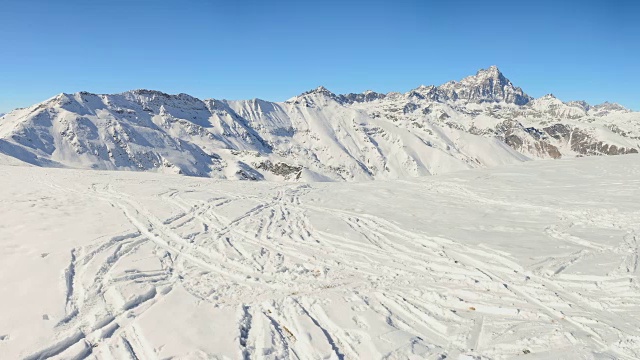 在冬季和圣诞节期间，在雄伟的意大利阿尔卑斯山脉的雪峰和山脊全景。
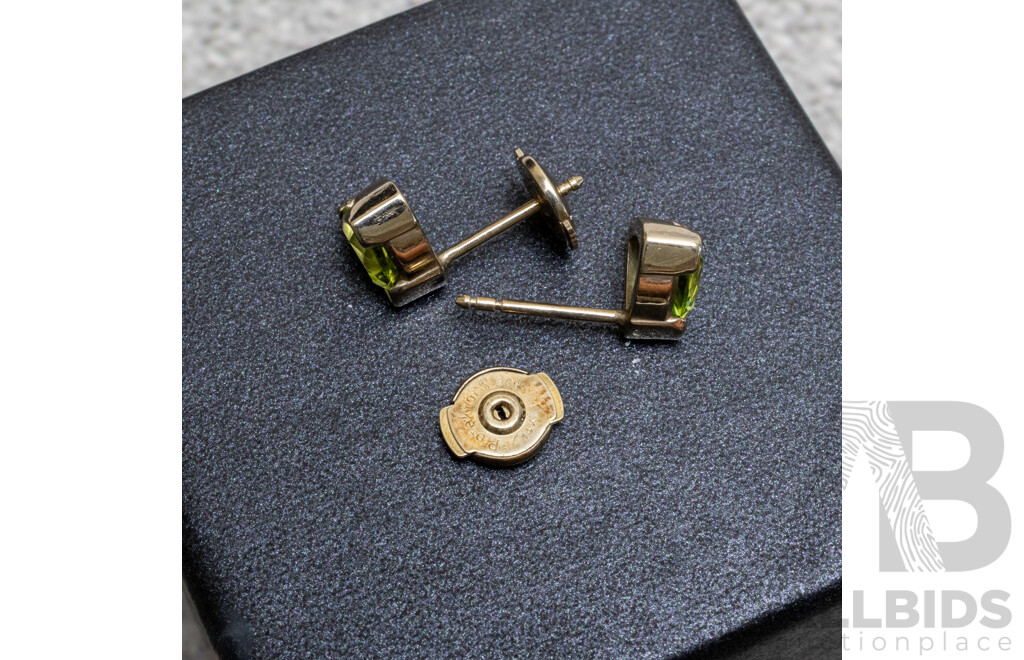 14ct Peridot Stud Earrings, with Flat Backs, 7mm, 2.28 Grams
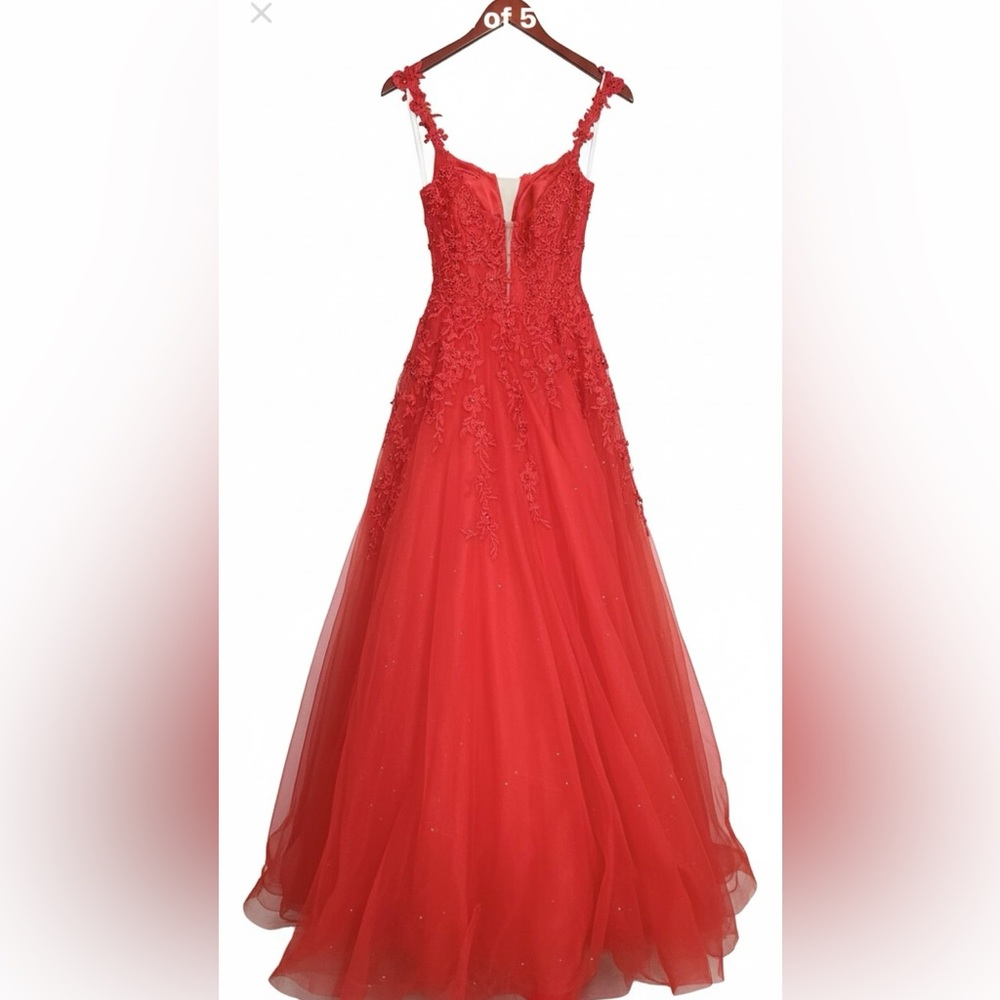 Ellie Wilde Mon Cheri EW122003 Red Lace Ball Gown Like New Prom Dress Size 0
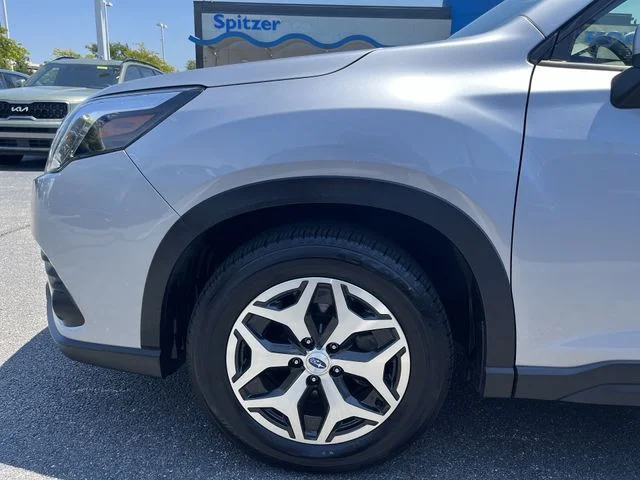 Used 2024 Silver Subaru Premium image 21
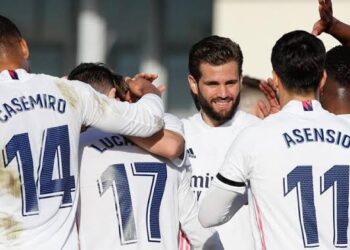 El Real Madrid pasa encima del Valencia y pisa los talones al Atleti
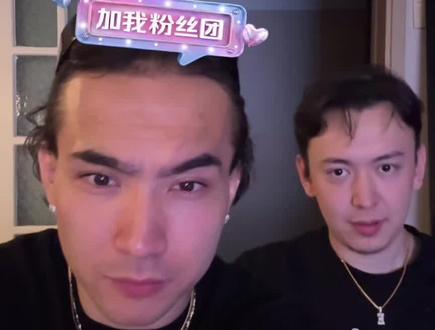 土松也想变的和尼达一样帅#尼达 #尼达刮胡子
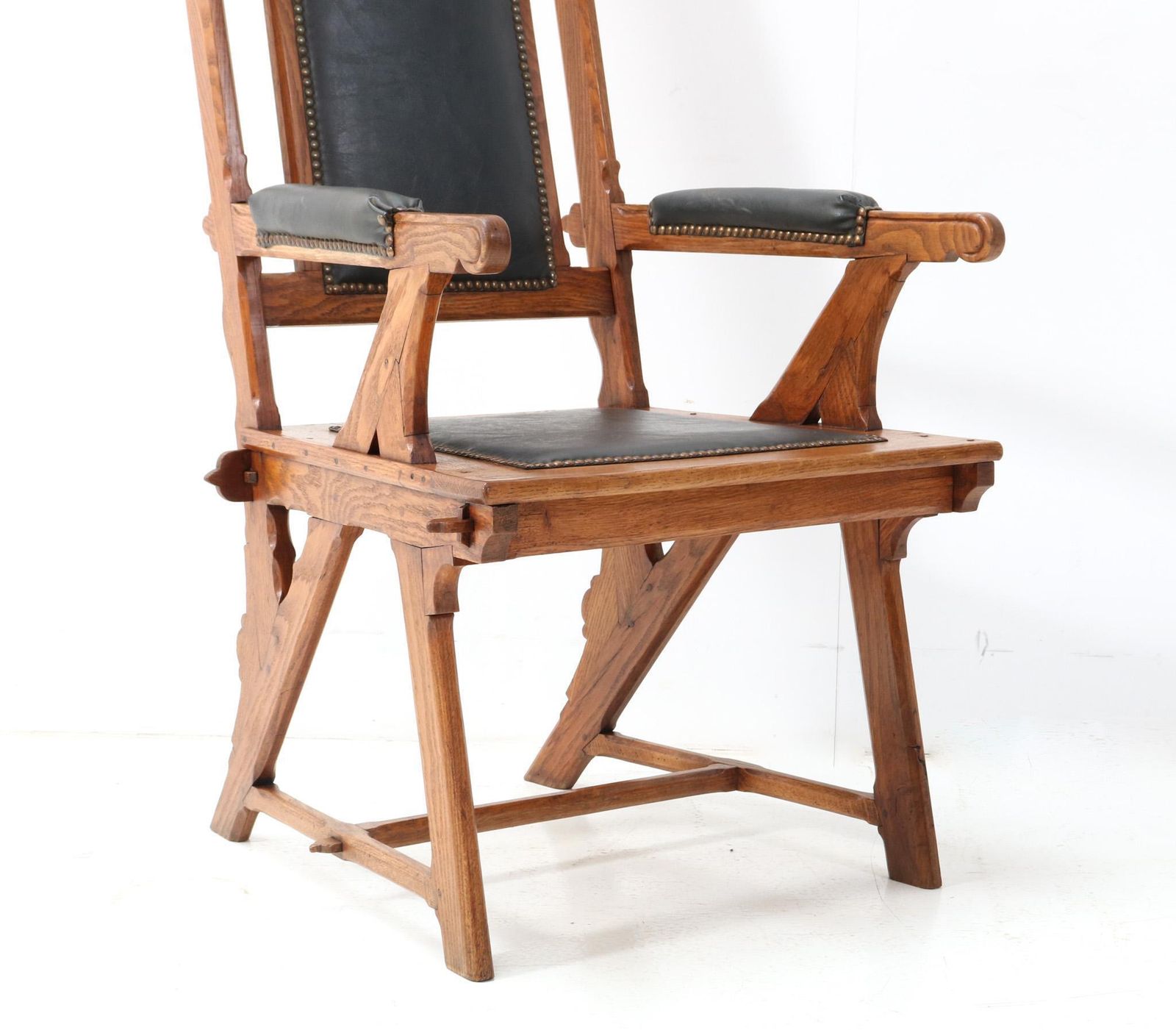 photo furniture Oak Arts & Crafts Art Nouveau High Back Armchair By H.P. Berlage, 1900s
§ §
Aim of the exercise: Beginning with the line that holds "Ellie Wilde Mon", extract every line to the end of the material, exactly as it stands, and drop the pictures.

Answer space:
 Ellie Wilde Mon Cheri EW122003 Red Lace Ball Gown Like New Prom Dress Size 0
 Used 2024 Silver Subaru Premium image 21
 El Real Madrid pasa encima del Valencia y pisa los talones al Atleti
 土松也想变的和尼达一样帅#尼达 #尼达刮胡子
 photo furniture Oak Arts & Crafts Art Nouveau High Back Armchair By H.P. Berlage, 1900s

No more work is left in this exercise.